For current case (using listed data per SRE).......without any upper beam.........midspan deflection of lower beam should be 0.80 inches (just as measured which I find quite amazing given many potential sources of variation with inputs).

If the two beams were connected together to form a composite section, effective stiffness would be greatly increased and deflection would be much less (to be continued).

John F Mann, PE

http://www.structural101.com

 

[SlideRuleEra]

JFM, thanks for taking a look. I'll start with your 0.64" deflection and see if I can back figure what is going on with the analog system.

I did an error analysis on the model and was able to greatly improve accuracy, specifically by testing to get a better estimate for the two beams' moment of inertia.

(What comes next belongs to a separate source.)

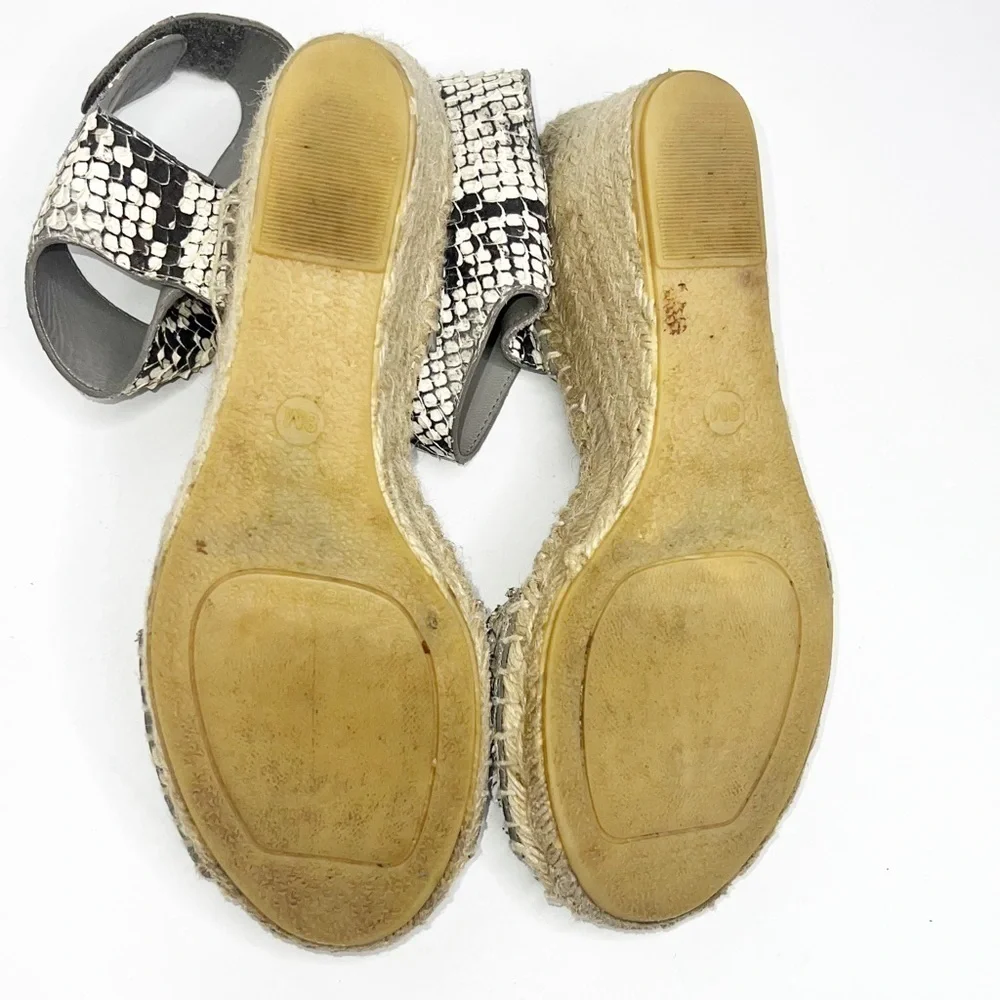 Vince Sophia Snake Print Espadrille Wedge‎ Sandals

Also, helps that as time goes by I've had a number of occasions to solve problems using analog methods. Long ago, even had the opportunity to get a brief introduction to a "real" electronic analog computer - just before it was retired. They were very impressive machines and amazing to watch the results being drawn as a graph on a large X-Y plotter. Of course, they were no match for a digital computer, even then... except for rare, unusual problems. I'm beginning to believe that may be the case here.

http://www.SlideRuleEra.net

http://www.VacuumTubeEra.net

 

[hokie66]

SRE,
I think you may be getting some composite action with your short beam. Would be interesting to see what happens if you grease it...may have to pin one end to prevent it sliding downhill.

 

[SlideRuleEra]

Hokie - Your are probably right, since they were hand ripped they have rough surfaces. I had though about putting a sheet of poly between them. I'll be going by a lumber yard tomorrow, may stop in to see if they have something better to use as beams. What a place to go to get parts for your DIY computer.

http://www.SlideRuleEra.net

http://www.VacuumTubeEra.net

 

[jfmann]

For stated configuration as before (half-span)........if upper beam is connected to lower beam so that they act as unified assembly (several wood screws would likely work for example above)........moment of inertia is increased by a very large multiple of 72 (assuming depth of 3/8-inch for each beam and backfiguring width to match I-values listed by SRE).......and deflection at midspan is reduced to 0.328 inches........or about 50-percent of the deflection using independent (not connected) beams.

This demonstrates how connecting beams together (for true load sharing) is much more efficient than just using 2 independent "stacked" beams.

John F Mann, PE

http://www.structural101.com

 

[hokie66]

John,
Of course, we know that, but that is not the subject here. We are arguing about beams that are not composite in any way.

SRE,
Don't knock yourself out, but sounds like you are having fun.

 

[Brad805]

Is it not about time to bring up the subject of friction? I think the horse is dead and has started to decay.

 

[hokie66]

We already did, Brad. But in the great scheme of things, this is not a particularly long thread, and nobody is required to participate.